There is no other way of putting it... it's an absolutely lousy draw for PMQs this week. The statisticians amongst you will no doubt be able to explain what the odds are of only getting two Labour MPs on the order paper when more or less the same number of Labour and Tory MPs submitted questions (c.200 MPs participating in the ballot, 15 MPs drawn). Anyway here it is, a sea of blue. Add Cameron and Clegg to the mix, and lots of opportunities for random Labour backbenchers to seek to catch the Speaker's eye. See last week's post if you haven't quite sussed how it works yet.
1. Mike Penning
2. Mark Pritchard
3. Graham Brady
4. Brooks Newmark
5. Gregory Campbell (DUP)
6. Bob Spink (UKIP)
7. Julian Lewis (with a specific question about mental health units)
8. David Amess
9. Jeff Ennis
10. David Borrow
11. Norman Lamb
12. Andrew Selous
13. Mark Hoban
14. David Heath
15. Edward Garnier
I have no idea what any of the backbenchers will ask.
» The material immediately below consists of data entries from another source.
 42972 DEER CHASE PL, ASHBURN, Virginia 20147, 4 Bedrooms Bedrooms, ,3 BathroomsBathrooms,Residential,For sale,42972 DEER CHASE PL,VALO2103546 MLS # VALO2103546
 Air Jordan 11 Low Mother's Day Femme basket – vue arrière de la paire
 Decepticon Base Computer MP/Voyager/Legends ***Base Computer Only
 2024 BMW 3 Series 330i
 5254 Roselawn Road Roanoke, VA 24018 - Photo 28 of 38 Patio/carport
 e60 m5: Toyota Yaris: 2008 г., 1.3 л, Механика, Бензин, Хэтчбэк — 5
Cameron will no doubt challenge the Prime Minister over what the lazy have dubbed Lobbygate but what I prefer to see as Labour's version of Fatal Attraction - just when you think the ultra-Blairites are dead, they lunge back into life, wielding another knife. Until the wife comes in and shoots them.
I'll be on the front bench for the duration, as it's Northern Ireland questions first. And then of course it's the Budget. Don't forget, it's Cameron who replies to the Budget statement, not Osborne. If you manage to catch a glimpse of the Tory front bench during the Chancellor's speech, you will see Letwin and Osborne frantically scribbling away, crossing out the bits of Cameron's speech which no longer apply, adding some back of a fag packet calculations, while the clock ticks away. Cameron just sits there looking blank. After Cameron it will be a Labour speaker, almost certainly John McFall in his swansong as Chair of the Treasury Select Committee. And then it will be Vince Cable.* The debate continues on Thursday, with Ed Miliband kicking off for the Government, on Monday with Yvette Cooper, and concludes on Tuesday with Ed Balls and Liam Byrne.
*I mis-remembered this, thinking of what happens at the PBR. It was of course Clegg, as party leader, who responded for the Libs, followed by John McFall. And I was also wrong about what Cameron would ask. Sir John Butterfill, by the way, who also featured in the Dispatches programme, was watching the debate from a safe perch up in the gallery, presumably so as to avoid anyone pointing him out).